The move to the Rockstar course matters because the site is built for contrast. Open fairways, wooded sections, elevation changes and strategic obstacles make it one of the most distinctive settings in pro disc golf, while the 2025 European Disc Golf Festival showed what the venue can do when packed grandstands and giant screens turn a round into a spectacle. That combination should reward players who can shape shots on command and adapt fast, because no one arrives with years of course history to lean on.

AI-generated illustration
AI-generated illustration

Silva Saarinen enters as the FPO standard-bearer after winning Estonia’s first PDGA Major at the 2025 European Disc Golf Festival and then taking the 2026 Northwest Championship at 34-under. Kristin Lätt gives the home crowd its clearest local star, with the Estonian two-time world champion still the highest-rated female player of all time and one of the sport’s defining names on this stage.

The MPO race again points to Calvin Heimburg and Gannon Buhr. Heimburg returns as the defending European Open champion after his 2025 win at the European Disc Golf Festival, where he posted an 1085-rated performance, beat Buhr by one stroke and closed it out with a putt on hole 18. Buhr arrives with the sharper recent form, fresh off a 32-under Northwest Championship victory that gave him a fourth win of the season and a 474-point lead in the DGPT standings.

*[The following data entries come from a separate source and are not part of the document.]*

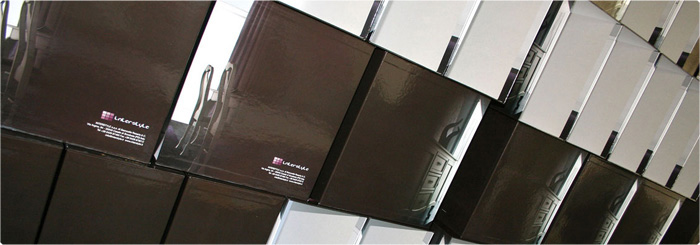 immagine introduttiva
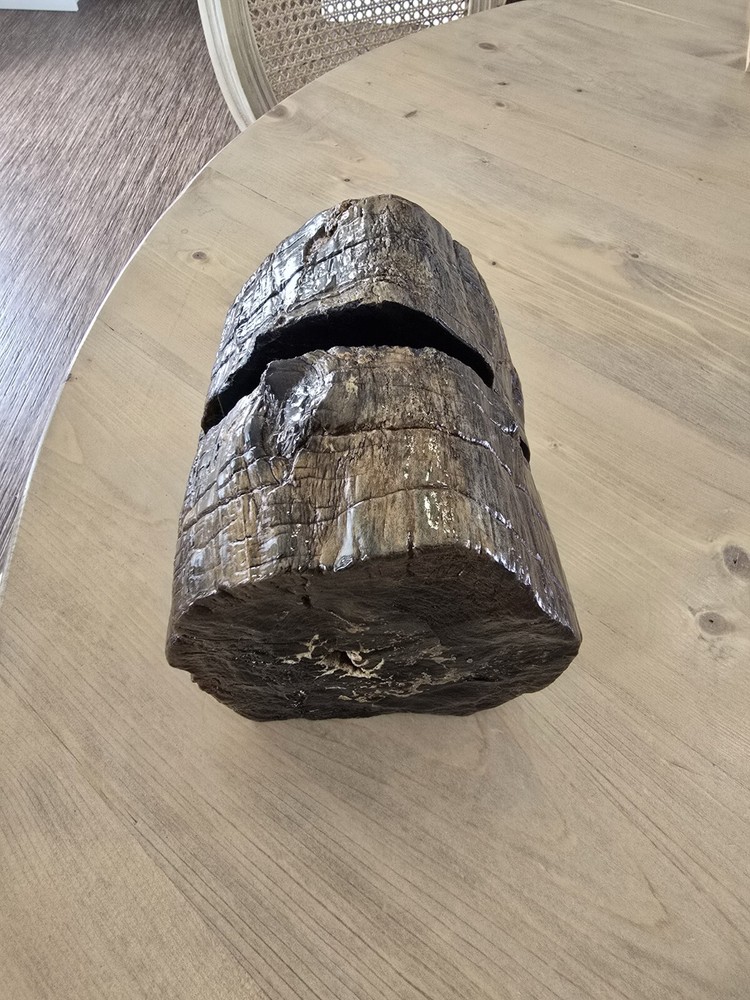 Petrified Wood Book Ends Glossed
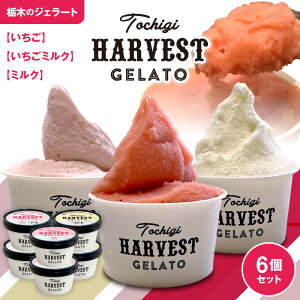 yr[390~OFFN[|v[gzWF[guHarvest Gelatov 6@WF[g C^AWF[g ACXN[ ACXZbg  c 2025 ăMtg hV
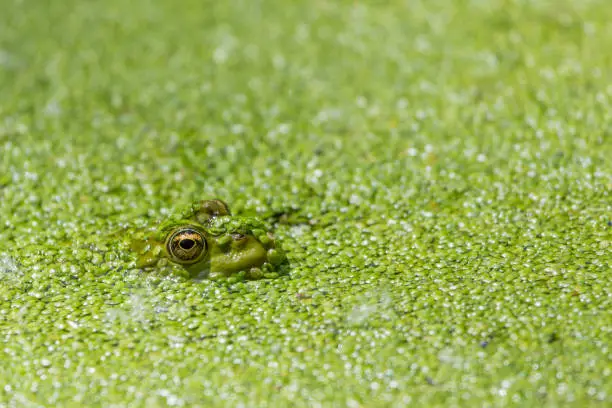 Head of a green frog in a pond full of duckweed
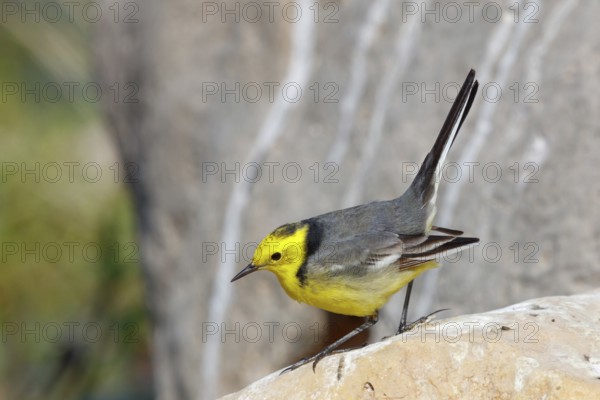 Citrine wagtail, (Motacilla citreola), foraging in a biotope, Middle East, Oman, songbird, family of stilts and pipits, Raysut, Salalah, Dhofar, Oman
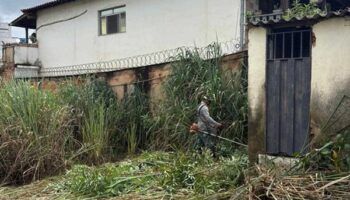 Prefeitura notifica proprietários para limpeza de lotes e reforça alerta sobre alto índice do LIRAa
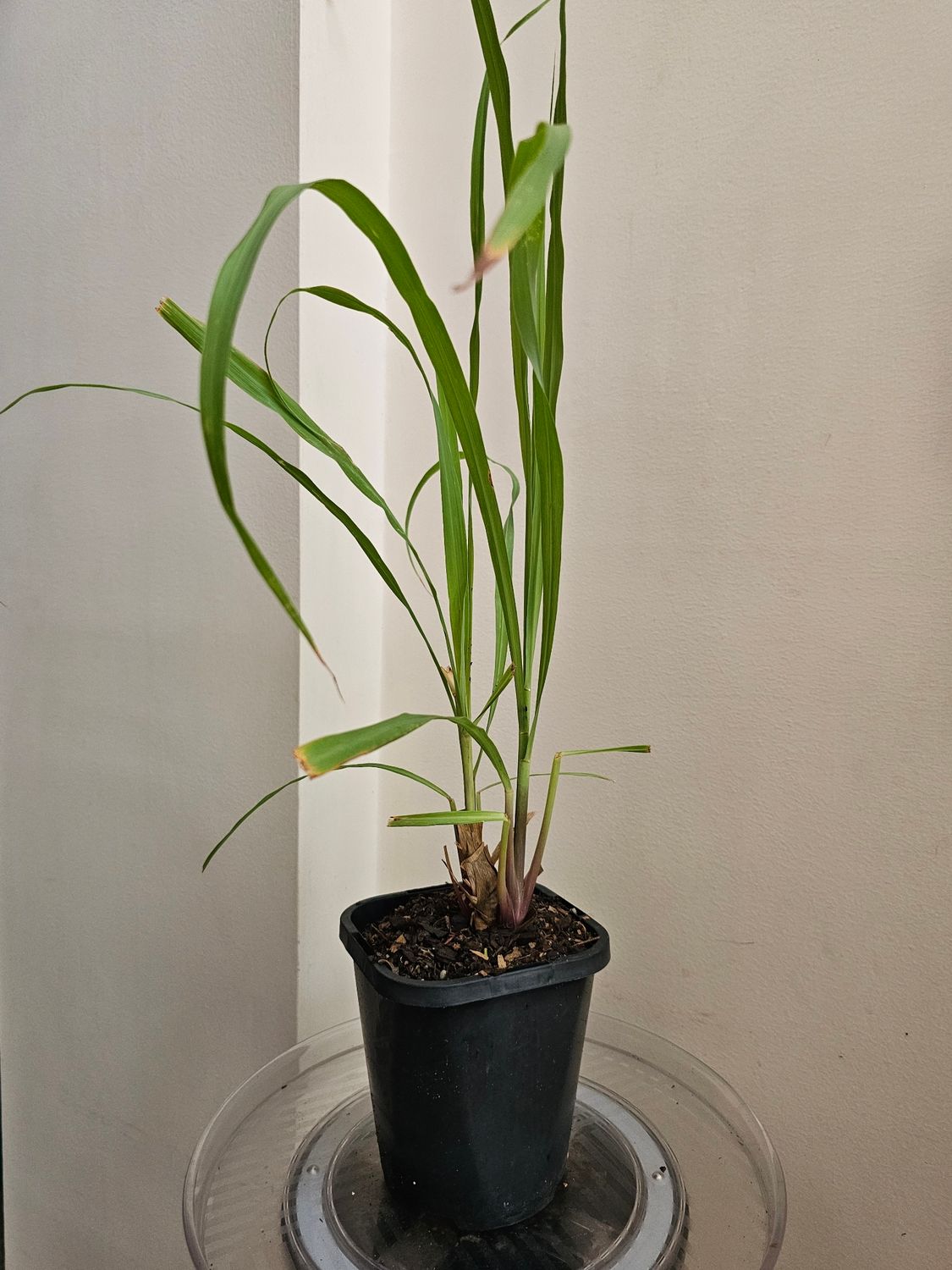 Cymbopogon Citratus &#39;Lemon Grass&#39;
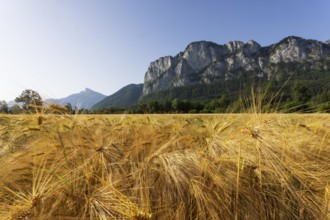 Agricultural Landscape, Hordeum Vulgare, Barley Field with Drachenwand and Schafberg, Mondsee,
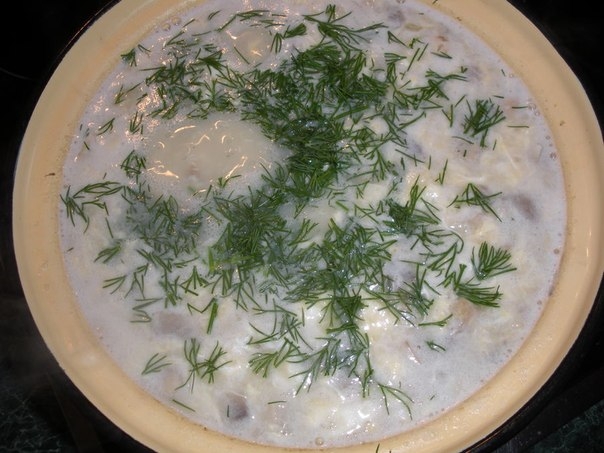чешская кулайда чешская кулайда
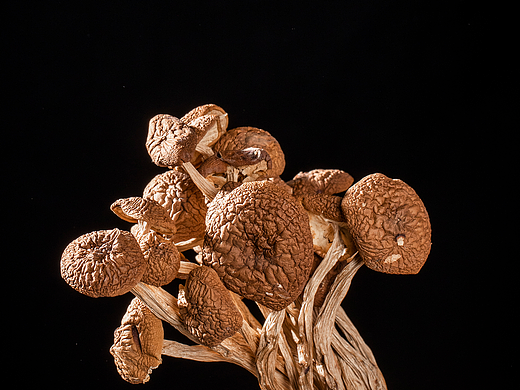 电商产品摄影/详情页制作/主图制作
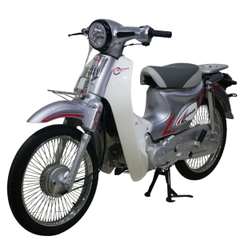 Xe Cub Shaphia sport 50cc phiên bản mới nhất 2025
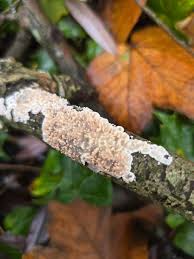 Attēlu rezultāti vaicājumam “Cystostereum murrayi”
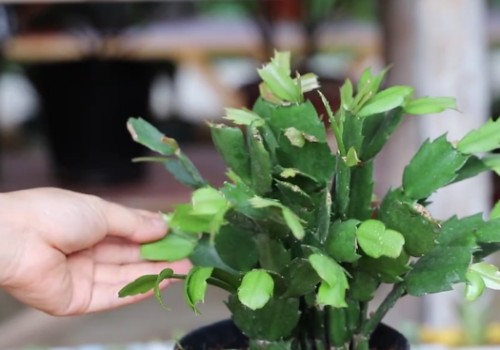 蟹爪兰新芽怎样处理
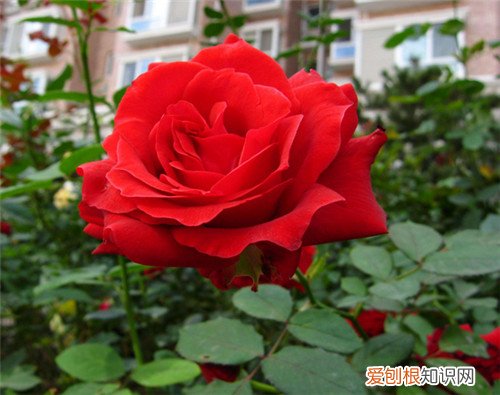 8月开什么花8月常见的花卉有哪些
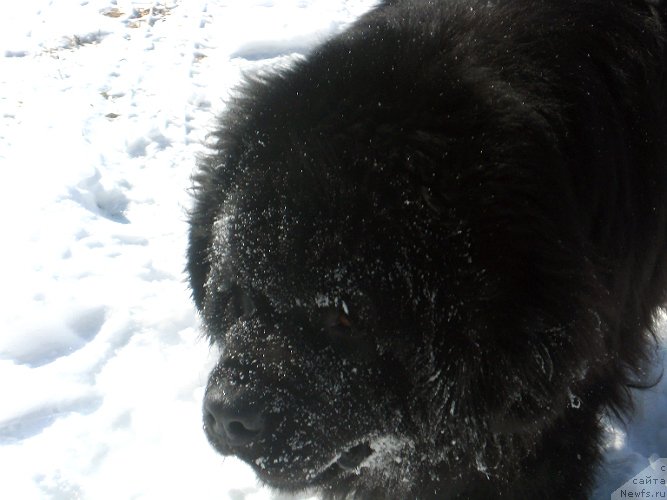 Фото: ньюфаундленд Lexus Grend Boss (Лексус Гренд Босс)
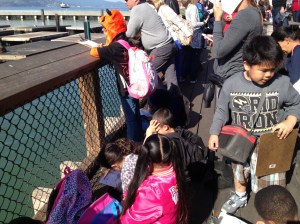 Students observing sea lion behavior for a project about marine life.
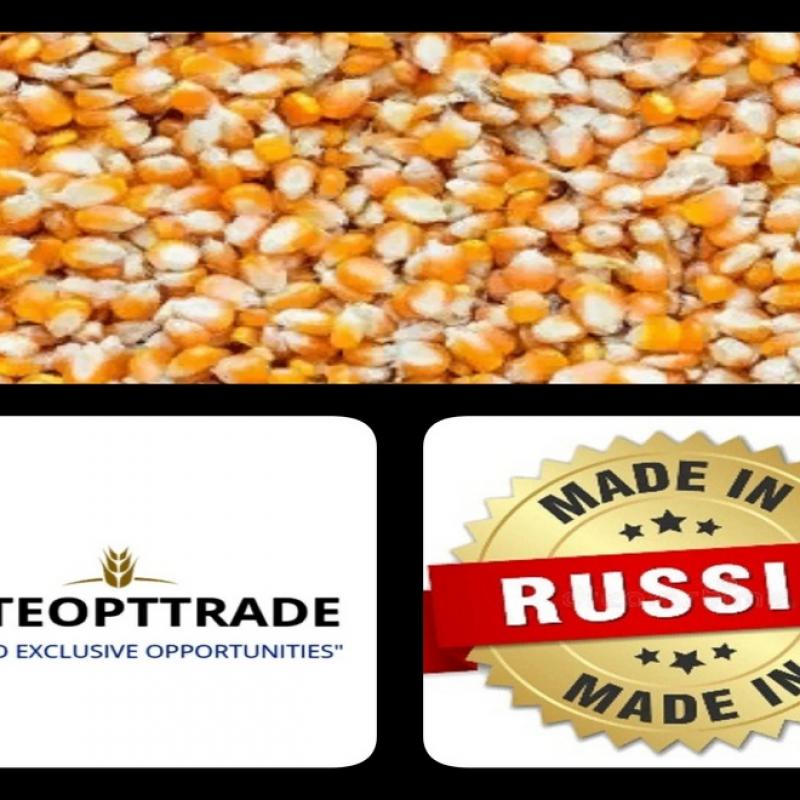 Кукуруза фуражная/Экспорт/Внутренний рынок buy wholesale - company ELITEOPTTRADE LLC | Russia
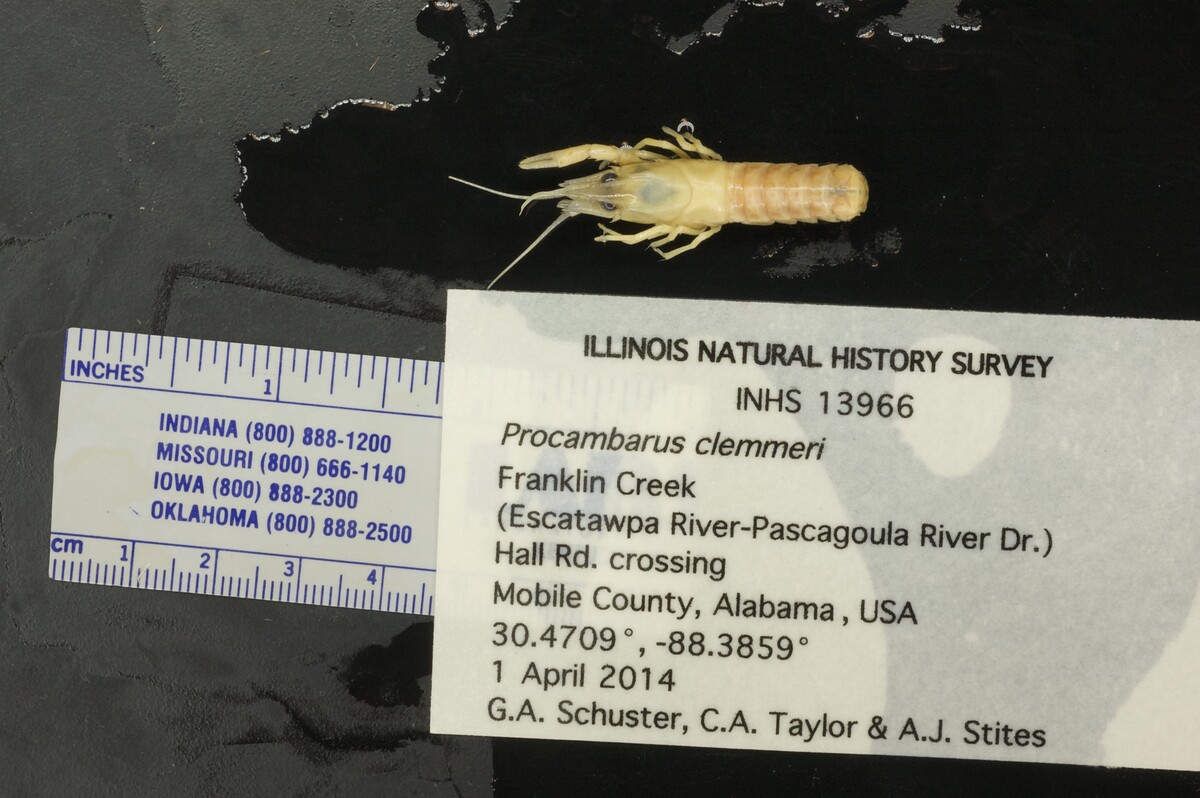 Procambarus clemmeri image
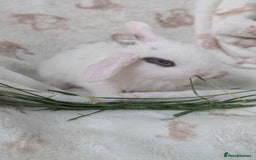Mini Lop rabbits for sale: Mini lops  - Image 2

The event’s scale has been building toward this shift for years. The 2024 European Open became the first edition played on two courses and the first PDGA Major at the Tampere Disc Golf Center, drawing 122 players from 15 nationalities with a $102,437 purse. Tallinn now inherits that momentum, and the European Open’s new home gives the major a sharper identity: part championship test, part festival, and part showcase for where elite disc golf in Europe is headed next.

Fans can follow the first hour of coverage free on DGPT YouTube, see round 1 on DGN Free and DGN Standard, and watch the full tournament live on DGN Pro, with next-day MPO and FPO coverage on JomezPro. Live coverage also airs on TV6 and Delfi in Estonia, giving the Tallinn stop the kind of reach that matches its biggest setting yet.